National Research Center for Women & Families
National Research Center
for Women & Families
 

 

 
         




Do the Presidential Candidates Support Expanding Health Care for Children?

By Diana Zuckerman, PhD
February 2008

Millions of children in the United States are uninsured, and when medical problems arise they are not always able to get the medical care that they need. Efforts to increase access for all Americans to health care and health insurance by the Clinton Administration in 1994 were not successful, but the momentum for change resulted in a new program in 1997, the State Children’s Health Insurance Program (SCHIP), which provides health care to children whose families would otherwise not be eligible for Medicaid, the health program for low-income families.

SCHIP has been very popular across the country, and is seen as a great success. The money is given to the States, which have flexibility in deciding which children are eligible.
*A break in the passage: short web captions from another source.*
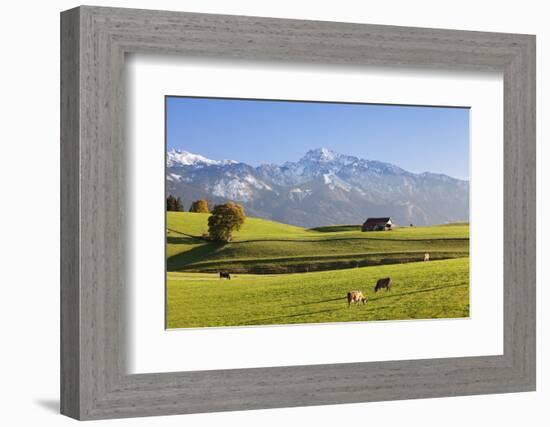 Prealps Landscape with a Cottage and Cows-Markus Lange-Framed Photographic Print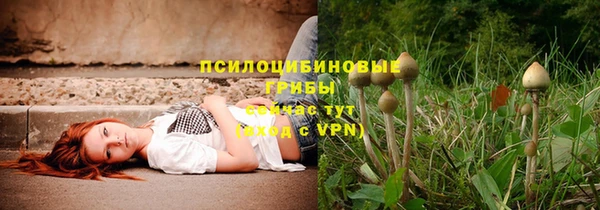 первитин Алексеевка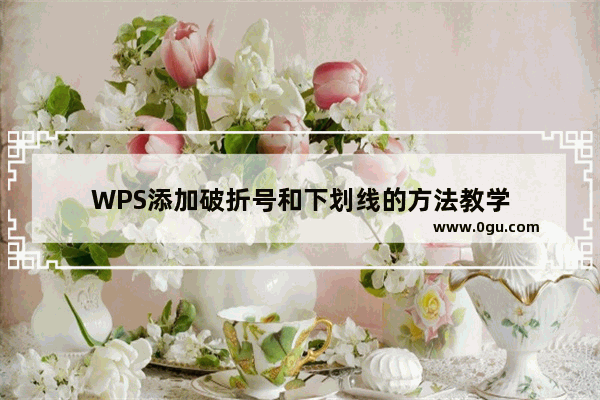 WPS添加破折号和下划线的方法教学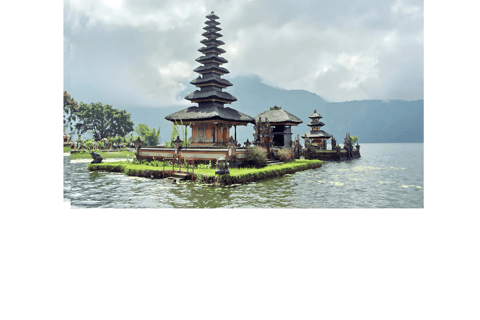 North Bali: Walking on the expanse of jati luwih rice fields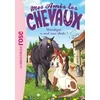 Image de Mes amis les chevaux 13 - moustique a mal aux dents !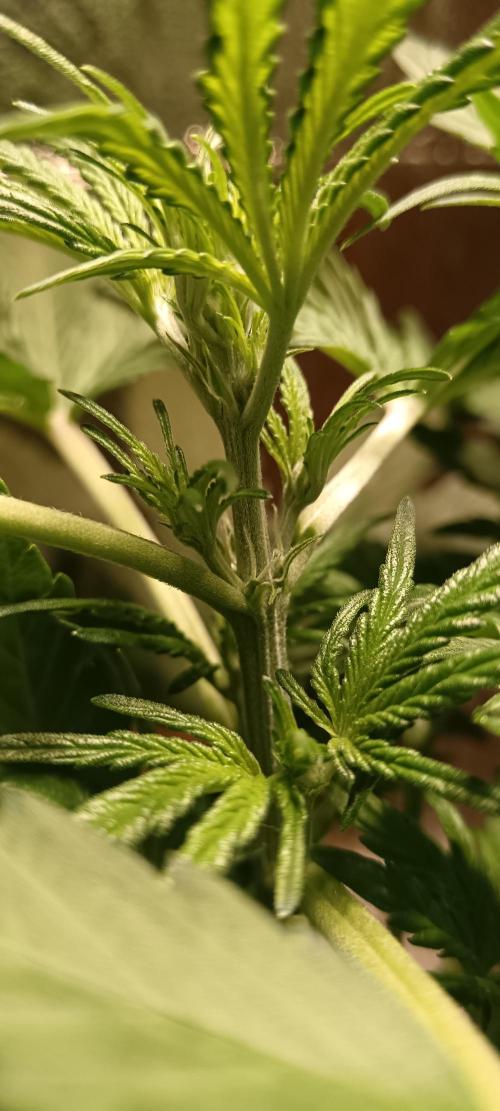 First shot. Week 5 - Pistols confirmed 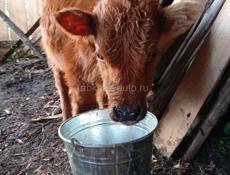 Бычок 3 месяц сам пасетса кушает все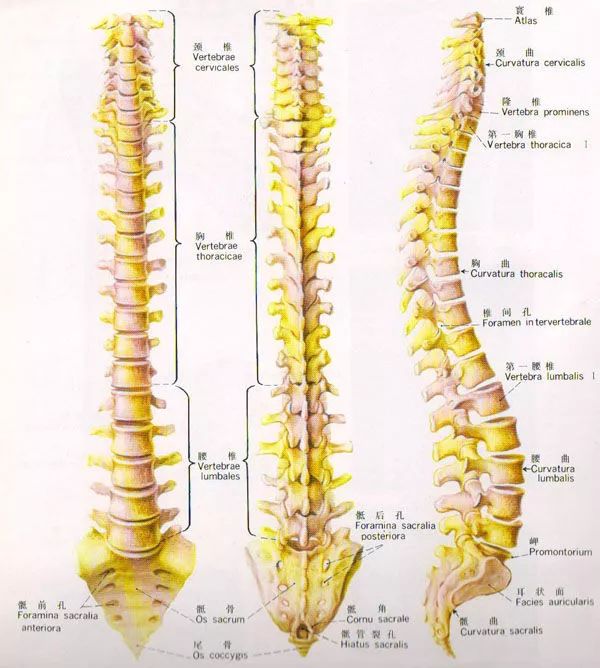 最上面的7块是颈椎,然后是12块胸椎有肋骨相连,5块腰椎,最下面是5块
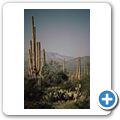 Saguaro Nationalpark - Saguaro Kaktus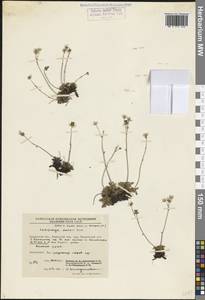 Micranthes merkii subsp. merkii, Siberia, Chukotka & Kamchatka (S7) (Russia)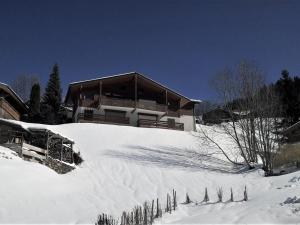 ラ・クリュサにあるAppartement La Clusaz, 5 pièces, 6 personnes - FR-1-459-57の雪山頂の家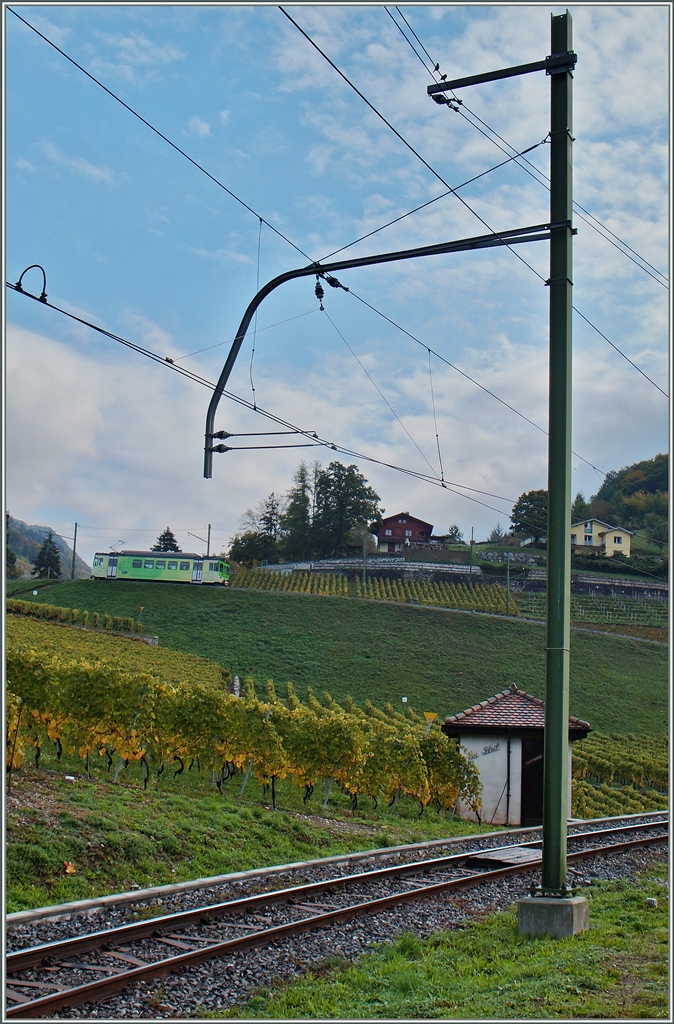 The ASD BDe 4/4 402 as local train 425 Les Diablertes - Aigle in Aigle's Vineyards. 
14.10.2015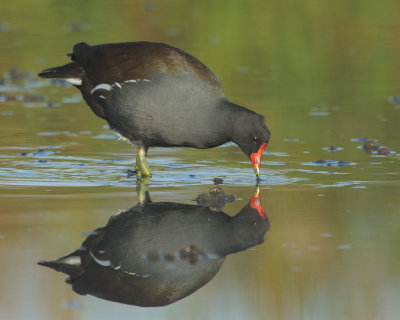 Common Gallinule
SCHIP has received very strong bipartisan support. In 2007, a large majority of Senators and Members of the House of Representatives voted to expand the program, in ways that would increase coverage from 6 million to 10 million children. President Bush vetoed those bills. Congress fell short of overriding the vetoes by approximately one dozen votes.

The president said he vetoed the bills because it would have allowed states to use the program to provide health care for uninsured lower-middle class children, not only the poorest children. In addition, President Bush opposed the bill because it would use cigarette taxes to help pay for the expansion of the program.

How did the three Senators now running for president vote on the expansion of SCHIP? Unlike many of the issues that the presidential candidates debate, this is one where three of the four final candidates had the chance to vote, rather than just talk.

As can be seen in a speech posted on John McCain’s Senate website, on August 2, 2007, McCain explained to his Senate colleagues that he did not support the expansion of the program.

On September 27, when two-thirds of the Senate voted for the bill that was later vetoed by President Bush, Hillary Clinton was the only one of the final four presidential candidates to vote in support of the bill. Neither Barack Obama nor John McCain voted, two of only four senators that did not vote on the bill that day. Barack Obama has supported the expansion and John McCain has opposed it, so we assume they were not in Washington for the vote because of campaign activities.

Mike Huckabee is not a Member of Congress and thus did not have the opportunity to vote on the bill. However, in an October 9, 2007 presidential debate he was asked if he would have vetoed the bill, as President Bush had done. He did not answer either yes or no. However, at an AARP forum on October 26, 2007, Huckabee said the program expansion is “problematic from both a budgetary standpoint and also philosophical for many people."